Anjali Vyas-Brannick, creator of ‘Stopped?’, wrote on her page: “Not all of the posts on this page are awful, in fact, one just now is trying to help someone locate a lost study buddy (or friend or something). But the sad part is there is way too much body-shaming and silent cat-calling going on. Cat calling is sexual harassment. Everyone has a right to work in a space where this sort of thing does not happen. Let’s make it so.

“I’ve spoken with a few people about this, and we agree that the best thing to do is send a message en masse to the page saying we won’t stand for the sexual harrassment of our fellow students, because it’s just not cool or right.”

After ‘Spotted’ announced that they would cease to post messages, Vyas-Brannick posted again on ‘Stopped?’, this time using her personal account, saying: “the post that I think really irked me was a body-shaming one referring very specifically to someone spending a long time in the toilet – “I’m sorry you’re so constipated”. I think when you hit the point where people can’t take a shit in privacy something’s gone a bit wrong. Cos I reckon if they’d wanted their bowel movements sharing with the world they’d have posted about it themselves, instagrammed the results, or just done it out front on the library bridge, yeah?”

The protest’s success has caused arguments on both Facebook pages, with students leaping to the defence of both sides. Supporter of ‘Spotted’, Tom A-C, commented: “Well what a surprise. At a time where you can get arrested for having an opinion and voicing it via social media. Fuck my dog. Lets all just sit in our rooms alone and never think or have opinions and let the state rule what we can and cannot think.”

Rebecca Davis argued: “Most of what was written was really funny or amusing or sweet. But when messages are posted about a woman’s assets straining at her clothes it becomes sexual harassment and misogynistic. Women do have a right to work in an environment where their sexual features aren’t commented on. It’s not flattering or nice. If you fancy a girl, how about posting that you’re attracted to her or that you think she’s pretty. If a women wanted a man to drool over her norks she’d be at the pub, not in the library.”

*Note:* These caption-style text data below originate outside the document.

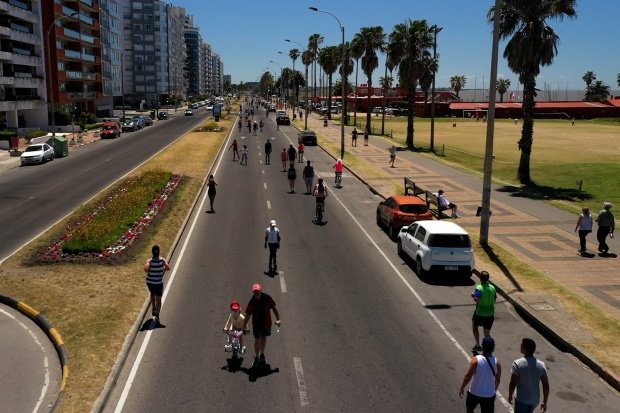 Se vendrá la rambla sin motores para los próximos domingos?

Hoy era un día ideal para que todos los niños la aprovecharán.
Qué opinan?

Nos dan un RT para que vuelva y meter un poco de presión.

#CiudadesParaPersonas
👩🏻‍🦯🧑‍🦽🤰🚶🏃🏻‍♀️🚴🚴🏽‍♀️🛴🛹🛼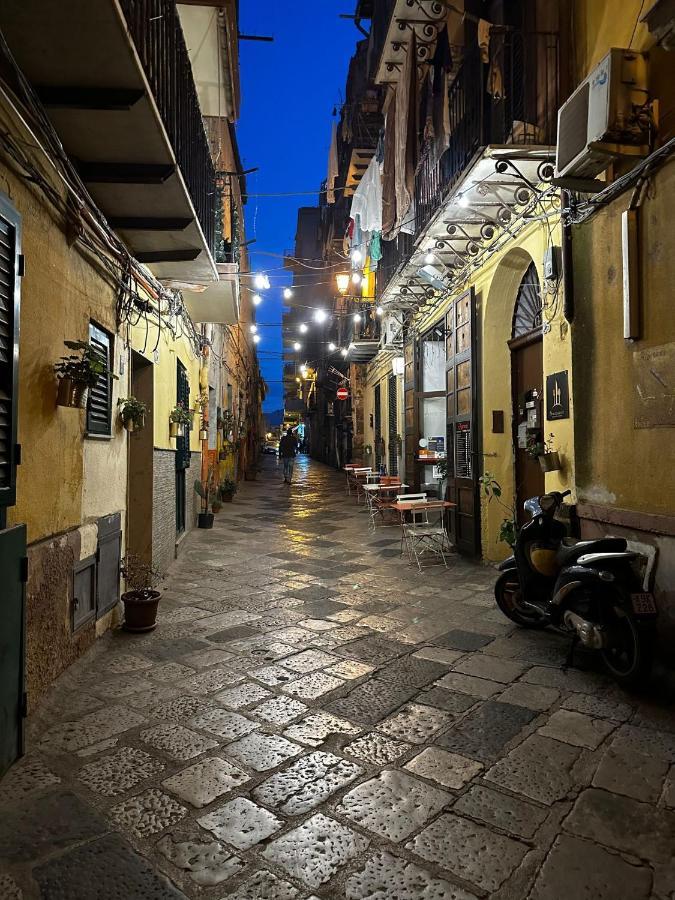Casa Vacanze La Rocca 2 Apartman Palermo Kültér fotó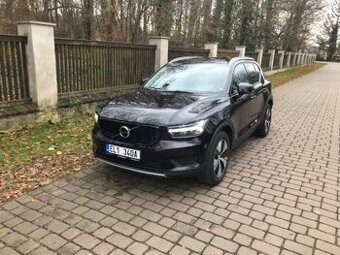 Volvo XC40 benzín + elektro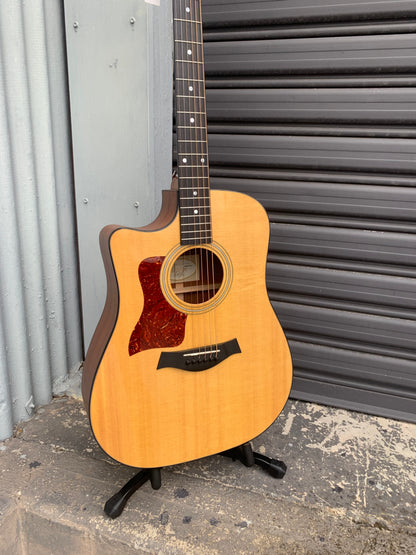 Taylor 310CE Acoustic Guitar (Left-Handed)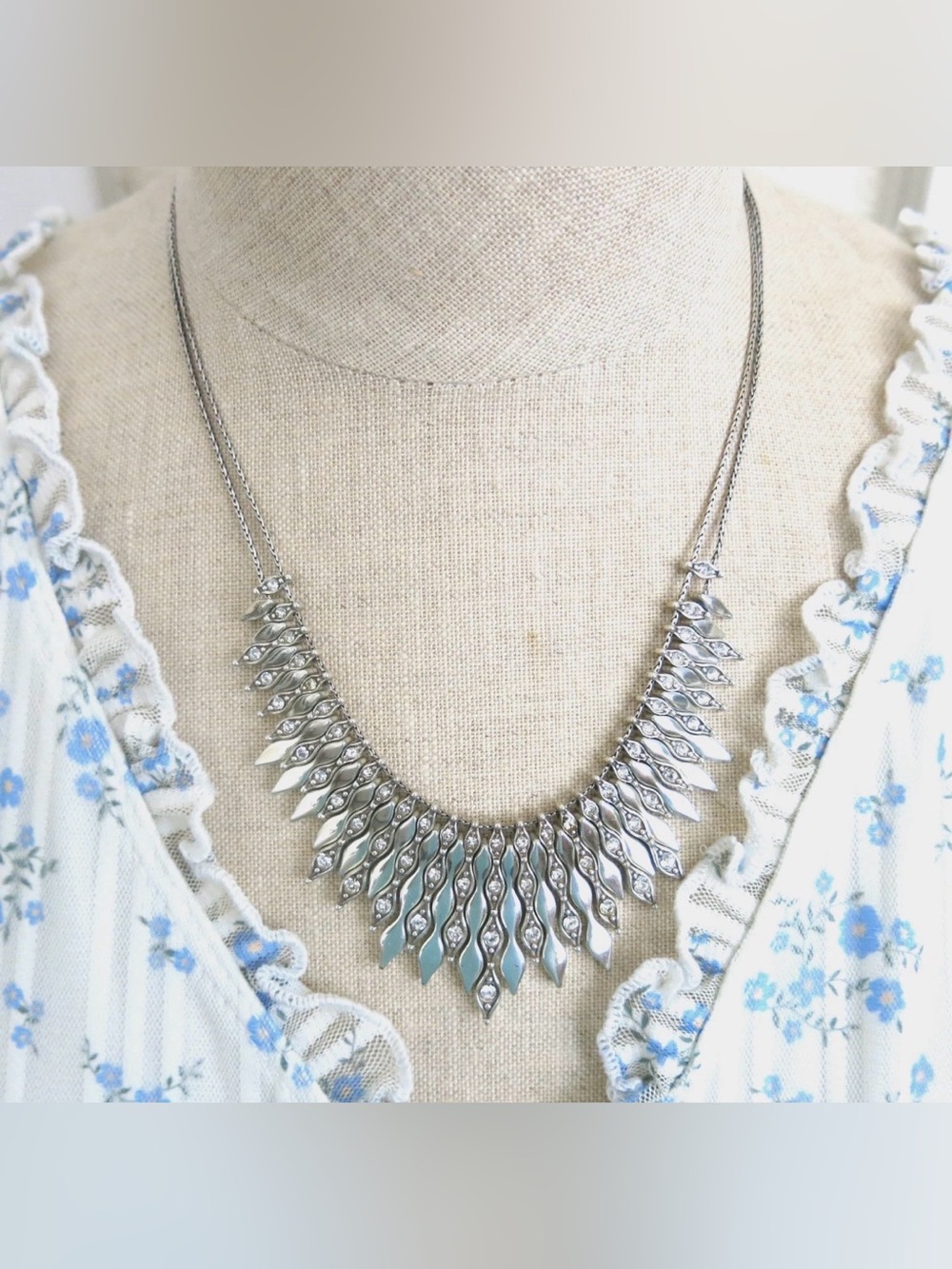 💎 RARE BRIGHTON Silver Leaf Bib Necklace with SWAROVSKI CRYSTAL accents!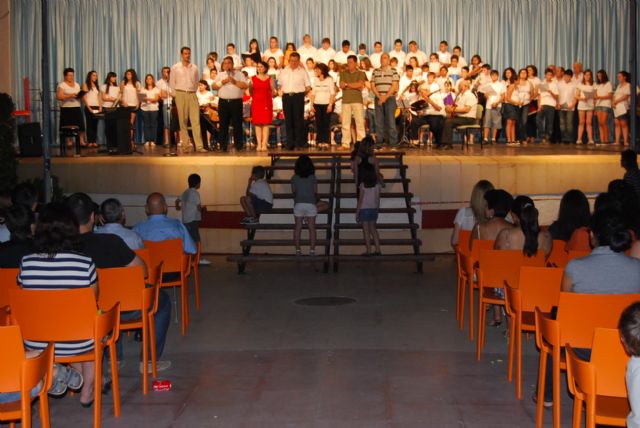 La Escuela Municipal de Música clausura el curso 2010/2011, Foto 1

30 thoughts on “Spotted shut down

  1. Tom A-C’s twopenny libertarianism-lite seems a little over the top…I wasn’t aware the state were taking a special interest in York Spotted.

  2. THIS IS A MOTHER-FLIPPING JOKE! This library is a fucking prison! On Planet Bullshit! In the galaxy of This Sucks Camel Dicks!

  3. I think Tom A-C was probably more likely referring to the wider trend of people getting into legal bother for things they put on the internet.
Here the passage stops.